New York City witnessed unparalleled growth in the first half of the nineteenth century, its population rising from thirty thousand people to nearly a million in a matter of decades. Feeding Gotham looks at how America's first metropolis grappled with the challenge of provisioning its inhabitants. It tells the story of how access to food, once a public good, became a private matter left to free and unregulated markets—and of the profound consequences this had for American living standards and urban development.
Taking readers from the early republic to the Civil War, Gergely Baics explores the changing dynamics of urban governance, market forces, and the built environment that defined New Yorkers’ experiences of supplying their households.

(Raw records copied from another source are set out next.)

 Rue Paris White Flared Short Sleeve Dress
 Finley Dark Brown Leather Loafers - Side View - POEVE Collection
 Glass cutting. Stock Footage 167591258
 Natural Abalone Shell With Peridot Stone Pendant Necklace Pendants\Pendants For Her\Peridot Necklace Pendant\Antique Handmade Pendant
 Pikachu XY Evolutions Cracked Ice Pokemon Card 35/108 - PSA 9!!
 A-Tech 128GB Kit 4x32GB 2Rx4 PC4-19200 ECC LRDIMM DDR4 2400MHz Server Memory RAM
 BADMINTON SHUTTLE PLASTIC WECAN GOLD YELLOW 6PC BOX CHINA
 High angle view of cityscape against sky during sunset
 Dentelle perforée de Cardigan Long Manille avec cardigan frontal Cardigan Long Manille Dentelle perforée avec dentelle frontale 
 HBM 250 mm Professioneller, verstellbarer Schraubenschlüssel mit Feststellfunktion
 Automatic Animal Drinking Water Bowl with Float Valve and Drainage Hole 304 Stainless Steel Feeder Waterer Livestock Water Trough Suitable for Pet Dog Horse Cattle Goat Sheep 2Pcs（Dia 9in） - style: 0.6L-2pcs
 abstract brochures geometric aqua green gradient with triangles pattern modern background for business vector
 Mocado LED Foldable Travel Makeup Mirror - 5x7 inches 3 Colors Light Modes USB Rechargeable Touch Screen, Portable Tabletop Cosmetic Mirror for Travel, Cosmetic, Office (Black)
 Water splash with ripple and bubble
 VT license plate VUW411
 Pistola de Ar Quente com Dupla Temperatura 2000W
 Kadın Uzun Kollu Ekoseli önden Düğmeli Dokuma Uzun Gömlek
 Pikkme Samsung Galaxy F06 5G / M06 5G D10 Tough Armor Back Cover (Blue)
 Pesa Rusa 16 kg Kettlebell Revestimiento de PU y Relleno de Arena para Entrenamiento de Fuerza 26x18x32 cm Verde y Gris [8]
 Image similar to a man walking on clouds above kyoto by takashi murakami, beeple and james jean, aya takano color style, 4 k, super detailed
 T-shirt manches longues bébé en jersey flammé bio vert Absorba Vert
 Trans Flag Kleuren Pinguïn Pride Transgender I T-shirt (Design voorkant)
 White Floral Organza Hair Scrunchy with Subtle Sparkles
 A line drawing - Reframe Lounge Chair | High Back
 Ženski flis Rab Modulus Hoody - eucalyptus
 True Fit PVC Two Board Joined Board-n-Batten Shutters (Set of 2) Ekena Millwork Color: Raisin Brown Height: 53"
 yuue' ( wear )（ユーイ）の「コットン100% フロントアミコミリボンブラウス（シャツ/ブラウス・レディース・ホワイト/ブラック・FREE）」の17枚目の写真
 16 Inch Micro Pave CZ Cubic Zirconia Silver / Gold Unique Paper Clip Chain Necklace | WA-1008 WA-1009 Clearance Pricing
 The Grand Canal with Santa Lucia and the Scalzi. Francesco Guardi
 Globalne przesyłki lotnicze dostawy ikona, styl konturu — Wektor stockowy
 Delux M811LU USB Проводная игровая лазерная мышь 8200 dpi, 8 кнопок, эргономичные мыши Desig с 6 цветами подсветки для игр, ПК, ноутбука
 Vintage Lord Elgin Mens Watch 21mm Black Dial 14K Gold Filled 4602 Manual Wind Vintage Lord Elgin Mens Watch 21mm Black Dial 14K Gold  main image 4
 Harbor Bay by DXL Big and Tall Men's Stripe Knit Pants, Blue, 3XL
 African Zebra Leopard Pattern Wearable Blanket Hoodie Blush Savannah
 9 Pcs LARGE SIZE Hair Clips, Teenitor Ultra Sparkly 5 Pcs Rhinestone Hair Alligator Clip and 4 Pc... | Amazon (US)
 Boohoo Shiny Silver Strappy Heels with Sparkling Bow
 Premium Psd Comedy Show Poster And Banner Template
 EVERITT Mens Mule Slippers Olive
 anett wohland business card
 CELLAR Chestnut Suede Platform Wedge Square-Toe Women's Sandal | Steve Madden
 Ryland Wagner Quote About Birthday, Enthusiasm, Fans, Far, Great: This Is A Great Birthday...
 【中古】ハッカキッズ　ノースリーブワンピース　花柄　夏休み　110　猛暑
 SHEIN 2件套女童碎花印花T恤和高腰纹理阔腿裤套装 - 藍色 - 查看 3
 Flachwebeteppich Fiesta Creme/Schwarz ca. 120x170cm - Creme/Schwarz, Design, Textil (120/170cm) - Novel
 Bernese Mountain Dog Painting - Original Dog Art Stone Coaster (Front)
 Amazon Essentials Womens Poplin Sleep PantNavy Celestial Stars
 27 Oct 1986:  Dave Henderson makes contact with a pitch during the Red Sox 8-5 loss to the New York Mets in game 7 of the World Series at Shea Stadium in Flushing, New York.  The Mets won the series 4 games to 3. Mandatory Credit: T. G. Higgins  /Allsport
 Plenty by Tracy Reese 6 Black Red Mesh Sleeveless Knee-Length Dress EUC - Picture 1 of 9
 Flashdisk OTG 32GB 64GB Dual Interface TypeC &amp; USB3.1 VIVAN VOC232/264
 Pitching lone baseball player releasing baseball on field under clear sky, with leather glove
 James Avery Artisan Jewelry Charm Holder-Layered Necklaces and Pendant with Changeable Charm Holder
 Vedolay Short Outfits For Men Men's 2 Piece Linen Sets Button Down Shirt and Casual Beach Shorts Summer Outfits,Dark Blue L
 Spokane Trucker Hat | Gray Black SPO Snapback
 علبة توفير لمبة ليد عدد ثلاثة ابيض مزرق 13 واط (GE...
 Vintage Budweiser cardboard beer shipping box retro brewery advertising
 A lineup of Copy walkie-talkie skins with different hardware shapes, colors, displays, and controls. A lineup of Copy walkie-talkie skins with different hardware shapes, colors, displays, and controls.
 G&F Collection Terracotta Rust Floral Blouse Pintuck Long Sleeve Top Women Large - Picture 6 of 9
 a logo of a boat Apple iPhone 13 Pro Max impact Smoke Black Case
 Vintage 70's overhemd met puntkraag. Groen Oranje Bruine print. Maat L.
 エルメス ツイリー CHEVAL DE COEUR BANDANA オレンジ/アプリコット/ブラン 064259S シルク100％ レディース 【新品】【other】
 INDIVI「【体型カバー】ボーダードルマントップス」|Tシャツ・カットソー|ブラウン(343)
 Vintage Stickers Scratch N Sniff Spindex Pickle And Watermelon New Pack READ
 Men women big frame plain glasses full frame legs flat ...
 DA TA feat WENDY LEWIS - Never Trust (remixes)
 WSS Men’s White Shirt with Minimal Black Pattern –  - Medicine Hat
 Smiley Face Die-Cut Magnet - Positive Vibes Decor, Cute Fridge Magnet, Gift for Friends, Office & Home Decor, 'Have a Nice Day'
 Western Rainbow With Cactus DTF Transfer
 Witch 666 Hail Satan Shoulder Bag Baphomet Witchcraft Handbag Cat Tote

He paints a vibrant portrait of the public debates that propelled New York from a tightly regulated public market to a free-market system of provisioning, and shows how deregulation had its social costs and benefits. Baics uses cutting-edge GIS mapping techniques to reconstruct New York’s changing food landscapes over half a century, following residents into neighborhood public markets, meat shops, and groceries across the city’s expanding territory. He lays bare how unequal access to adequate and healthy food supplies led to an increasingly differentiated urban environment.
A masterful blend of economic, social, and geographic history, Feeding Gotham traces how this highly fragmented geography of food access became a defining and enduring feature of the American city.
Gergely Baics is assistant professor of history and urban studies at Barnard College, Columbia University.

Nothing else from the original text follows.